Young people today have no idea what we women went through in the 1960s, 1970s and prior to that time.
We all wore hats and white gloves to church on Easter Sunday, but a surprising number of the girls I went to high school with were pregnant and married by the time I graduates. The number of professions and jobs that girls could think about doing was very limited. Few doctors. Lots of nurses. Women were viewed as permanent caretakers.
I did not enter the profession that was fulfilling and right for me until I reached my 50s. I could not think about it because when I was young, very few women entered that profession, and when I was a young mother, I could not take the time away from my children and earning a living to enter it. Women born just 4-6 years after I was had many, many more opportunities professionally than I did.
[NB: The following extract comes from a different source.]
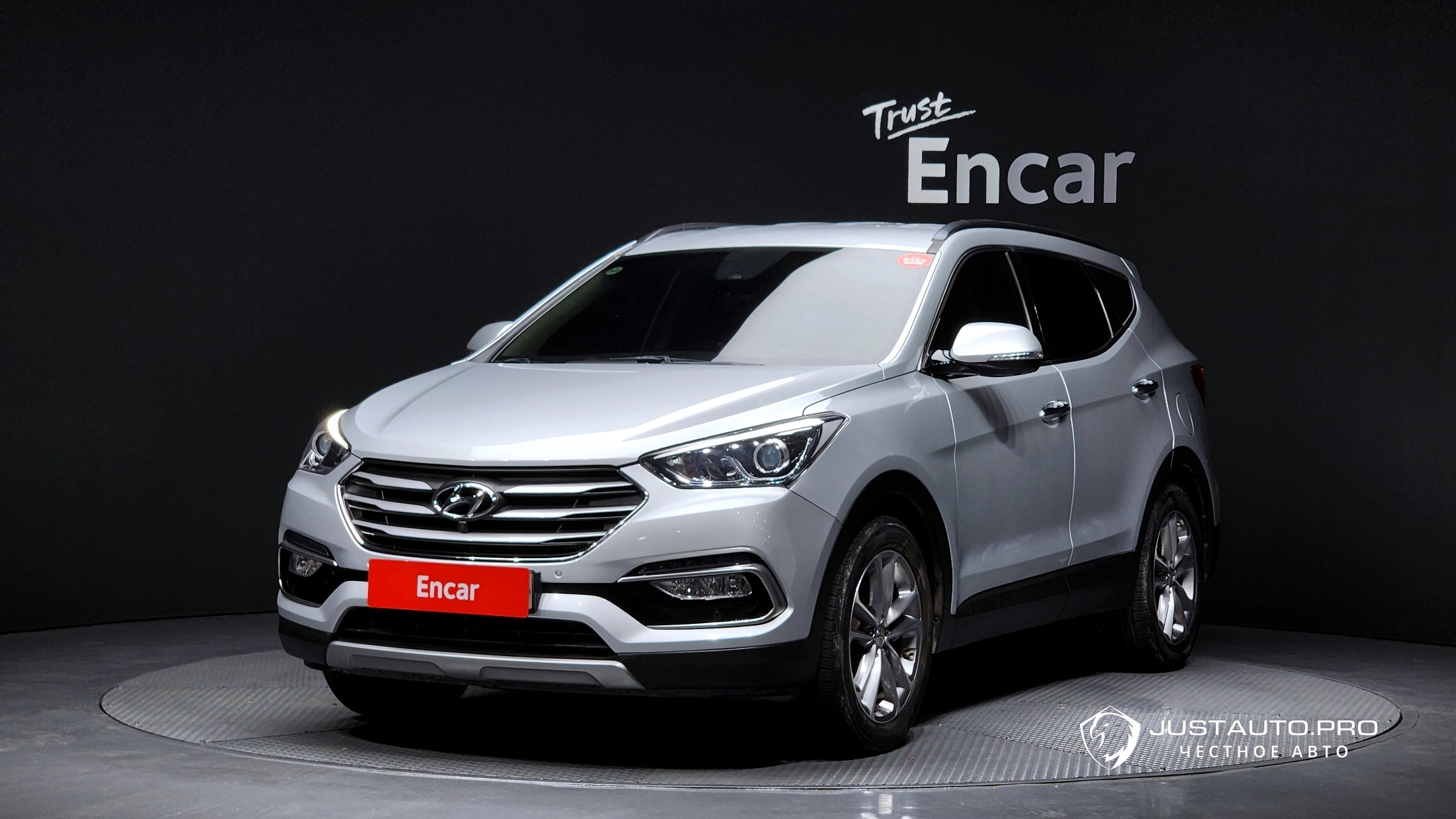 Автомобиль Hyundai Santafe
The view of women was just as Bernie Sanders described it. We were the "weaker sex," accused of changing our minds a lot . . . . The list of our deficiencies according to the common belief at that time goes on and on. We were a joke. Lucy of I Love Lucy and Gracie Allen were what people thought of when they thought of "girls" or women.
We women went through quite a struggle, and that struggle continues to this day.
Bernie demonstrated a lot of understanding and insight, and i must say, patience in that article. And he was fairly young at the time.